Entnehmen Sie dann eine 10-Mikroliter-Probe des Harzes und verdünnen Sie es zu einem Volumen von zweifachem Proteinladepuffer. Diese Probe stellt die Post-TEV-Harzprobe dar. Der nächste Schritt besteht darin, das Protein durch eine Größenausschlusssäule laufen zu lassen, und es sollte eine geeignete Gelfiltrationsmatrix entsprechend der Größe des interessierenden Komplexes verwendet werden.

In diesem Fall haben wir eine 10 x 300 Millimeter große S 200 Größenausschlusschromatographiesäule A verwendet, die der Größenausschlusschromatographiesäule mit Gelfiltrationspuffer gleichsetzt. Filtrieren Sie das Protein durch einen 0,22-Mikron-Filter und laden Sie die Probe in die Säule. Fahren Sie mit dem Sammeln der Fraktionen fort, wenn sie aus der Säule kommen.

Als letzten Schritt führen Sie eine SDS-Polyacrylamid-Gel-Elektropherese oder SDS-Seite auf den gesammelten Proben sowie den Gelfiltrationsfraktionen, dem Histon DS SLA eins oder dem HD-Eins-Suppressor der defekten Stummschaltung drei oder SDS drei und syn drei, einer HDAC-Wechselwirkungsdomäne oder syn drei, einem HID einen stabilen Turny-Komplex durch. Die Affinitätsreinigung des Turny-Komplexes kann auf der SDS-Seite beobachtet werden. Hier ist der gereinigte Komplex zu sehen, der von Cot produziert wird, der zwei Liter Zellen durchtrennt.

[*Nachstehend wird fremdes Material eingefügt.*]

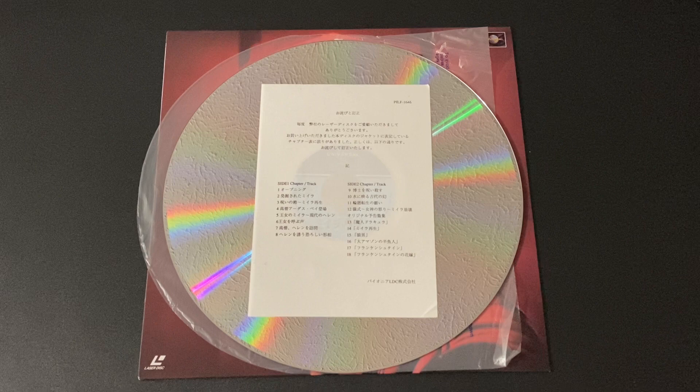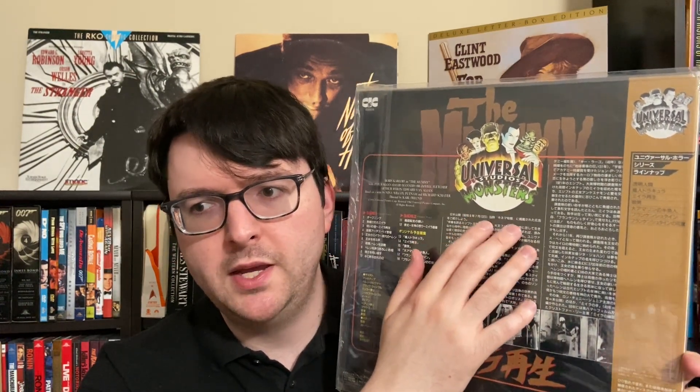Most of the releases they did at this time follow suit using the US VHS art with the custom Universal Monsters logo we all grew up with in the 90s. I'm thinking this is probably the same source master or print used from the old Encore Edition Laserdisc, but with slight upgrades as a later pressing and having a PCM digital track in addition to the rather noisy analog track of the Encore disc. I can't believe I finally have a copy of this. It is technically the best presentation of the film on LD, though being Japanese you will have to deal with Japanese subtitles.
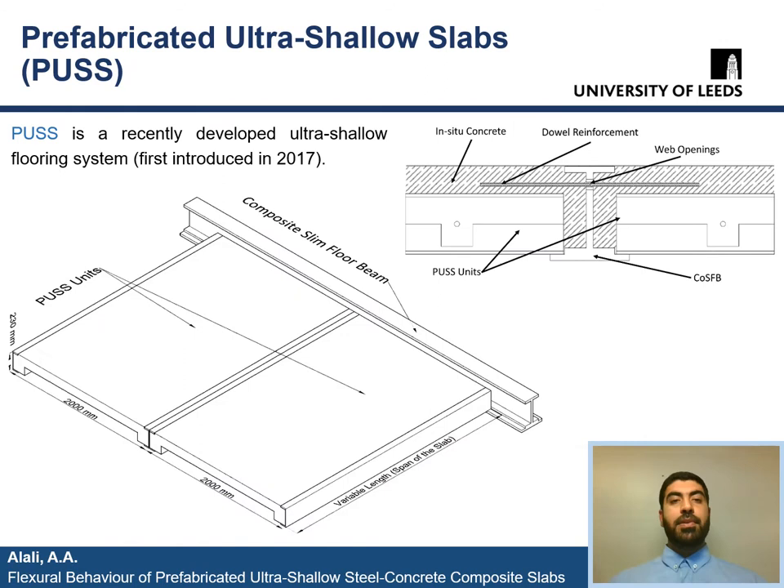Prefabricated ultra shallow slabs, also known as PUS, is the subject of this paper, and it is a recently developed ultra shallow and lightweight composite flooring system that was first introduced in 2017. As we can see in the drawings, PUS units can be placed beside each other within the depth of the steel beams to form a composite slim floor beam. Casting concrete on site with the addition of the required shear connections, as we can see in this picture, will develop the composite action in beams.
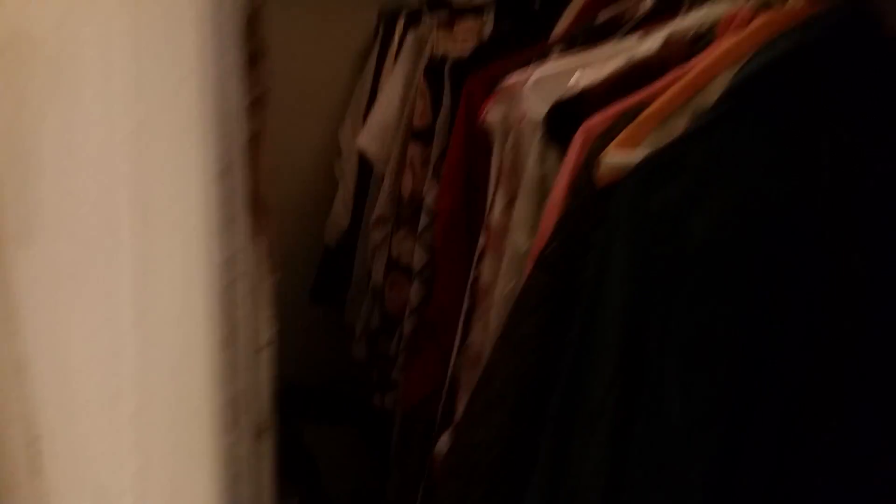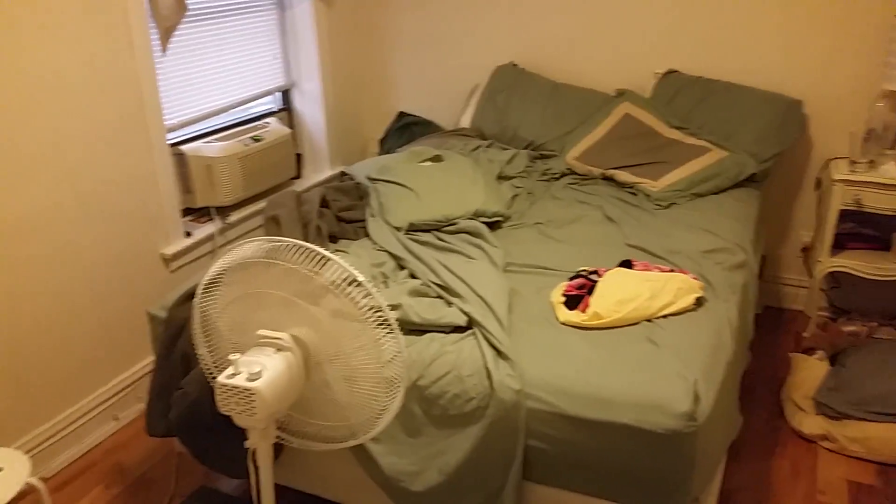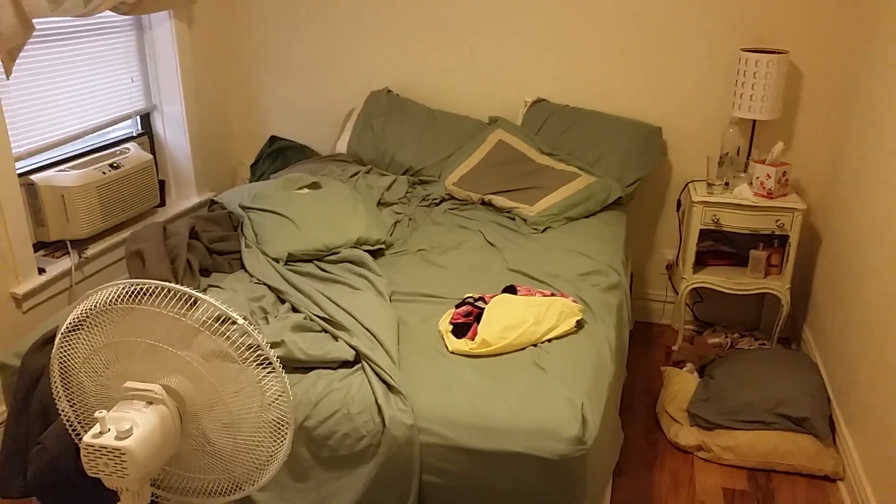Big walk-in closet here. Bedroom — that is a queen, or a full, but you could definitely fit a queen going the other direction in here.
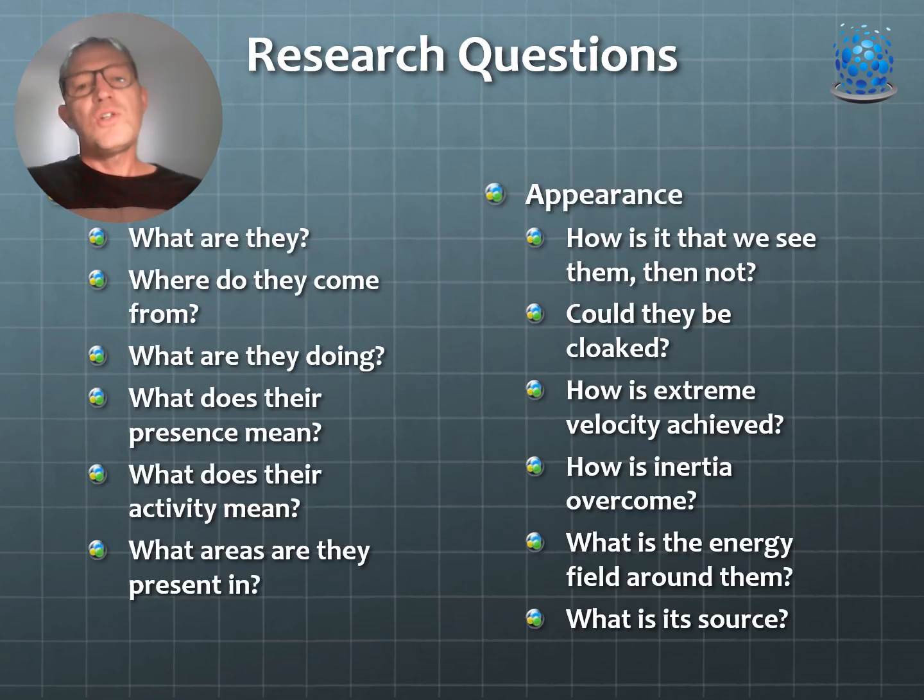The research questions remain the same as last time: what are they, where do they come from, what are they doing, what does their presence and activity mean, and what areas are they present in? We now have more detail on their appearance, why we can see them and then not see them, whether they could be cloaked, how extreme velocity is achieved, how inertia is overcome, and what the energy field around them is.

Die gebundene Proteinspur zeigt den Komplex, der an das Affinitätsharz gebunden ist. Nach der TEV-Verdauung wird das auf der dritten Sünde A HID vorhandene Tag abgespalten und auf den Komplex angespielt. Bei dem hier gezeigten Harz handelt es sich um ein Chromatogramm des Proteinkomplexes, das mit einer 10 x 300 Millimeter großen S 200 großen Ausschlusschromatographiesäule gereinigt wurde.

Beachten Sie, dass sich der reine Komplex in der Nähe des Hohlraumvolumens entzieht, da er in Lösung ein Dimer bildet. Schließlich zeigt die SDS-Seitenanalyse das gereinigte Protein in den Gelfiltrationsfraktionen. Nachdem Sie sich dieses Video angesehen haben, sollten Sie ein gutes Verständnis dafür haben, wie Sie gezüchtete HEC-Zellen mit zwei und drei App-Zellen züchten, pflegen und cotran sowie wie Sie Ihr Protein affinisieren, reinigen und konzentrieren.

Komplex Gesunde Zellen sind für den Erfolg von Experimenten unerlässlich, also stellen Sie sicher, dass sie gezüchtet werden und regelmäßig unter ihren Bedingungen und in ihrer Passage bleiben. Lassen Sie sich nicht von Gewebekulturen abschrecken. Für Strukturbiologen ist es ein Leichtes, große Mengen an Proteinen und Proteinkomplexen aus Säugetierzellen zu exprimieren und zu reinigen.